Given these new results, anyone who is still advocating for CQ and HCQ while denigrating the evidence for remdesivir is following a conscious or subconscious political agenda that is not informed by evidence. Politics is certainly capable of distorting one's ability to think clearly and make useful judgments. And everyone is entitled to their opinions, regardless of their validity.

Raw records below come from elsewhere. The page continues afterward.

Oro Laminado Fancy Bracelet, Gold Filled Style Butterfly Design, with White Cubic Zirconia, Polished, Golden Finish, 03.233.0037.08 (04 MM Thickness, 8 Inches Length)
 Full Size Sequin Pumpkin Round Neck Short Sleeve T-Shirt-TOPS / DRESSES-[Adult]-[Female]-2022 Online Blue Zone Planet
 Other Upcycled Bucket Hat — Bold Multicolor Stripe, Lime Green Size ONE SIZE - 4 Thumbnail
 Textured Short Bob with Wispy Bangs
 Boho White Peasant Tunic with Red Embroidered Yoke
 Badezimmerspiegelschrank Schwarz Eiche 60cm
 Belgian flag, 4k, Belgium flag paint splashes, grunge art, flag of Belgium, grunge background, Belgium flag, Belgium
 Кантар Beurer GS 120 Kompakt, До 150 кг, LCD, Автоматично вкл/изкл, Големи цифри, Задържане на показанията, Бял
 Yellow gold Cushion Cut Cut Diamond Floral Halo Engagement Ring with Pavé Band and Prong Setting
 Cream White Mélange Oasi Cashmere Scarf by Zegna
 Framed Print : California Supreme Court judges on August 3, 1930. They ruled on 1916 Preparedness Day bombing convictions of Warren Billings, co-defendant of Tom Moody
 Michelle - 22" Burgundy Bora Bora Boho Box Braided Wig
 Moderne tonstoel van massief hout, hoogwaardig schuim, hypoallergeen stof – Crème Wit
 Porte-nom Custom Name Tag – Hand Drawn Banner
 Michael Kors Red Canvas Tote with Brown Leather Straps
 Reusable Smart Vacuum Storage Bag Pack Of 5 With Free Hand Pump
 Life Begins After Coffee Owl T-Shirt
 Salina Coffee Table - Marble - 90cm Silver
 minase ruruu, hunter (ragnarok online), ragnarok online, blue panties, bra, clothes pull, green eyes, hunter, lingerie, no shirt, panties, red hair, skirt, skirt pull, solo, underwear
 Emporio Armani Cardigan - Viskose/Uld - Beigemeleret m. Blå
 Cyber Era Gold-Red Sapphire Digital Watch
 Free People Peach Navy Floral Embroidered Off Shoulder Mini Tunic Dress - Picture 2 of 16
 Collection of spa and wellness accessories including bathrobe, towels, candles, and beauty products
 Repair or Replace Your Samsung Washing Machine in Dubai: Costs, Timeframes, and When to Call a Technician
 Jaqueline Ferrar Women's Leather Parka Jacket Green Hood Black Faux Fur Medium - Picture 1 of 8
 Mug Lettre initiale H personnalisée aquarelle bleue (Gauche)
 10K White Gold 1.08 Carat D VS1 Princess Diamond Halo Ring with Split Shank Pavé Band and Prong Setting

As then-Secretary of State John Kerry once said, in America, "you have a right to be stupid if you want to be." This description presumably also applies to Brazil.

Last week, we learned a great deal about chloroquine, hydroxychloroquine and remdesivir for the treatment of COVID-19. Ignore the new evidence at your own peril.

Disclosures

Packer has recently consulted for Amarin, AstraZeneca, Boehringer Ingelheim, Novartis, and Relypsa on issues unrelated to COVID-19. Novartis is one of several companies that manufactures hydroxychloroquine, and is conducting clinical trials with the drug for COVID-19. Packer has no financial relationship with Gilead Sciences, which is developing remdesivir for COVID-19.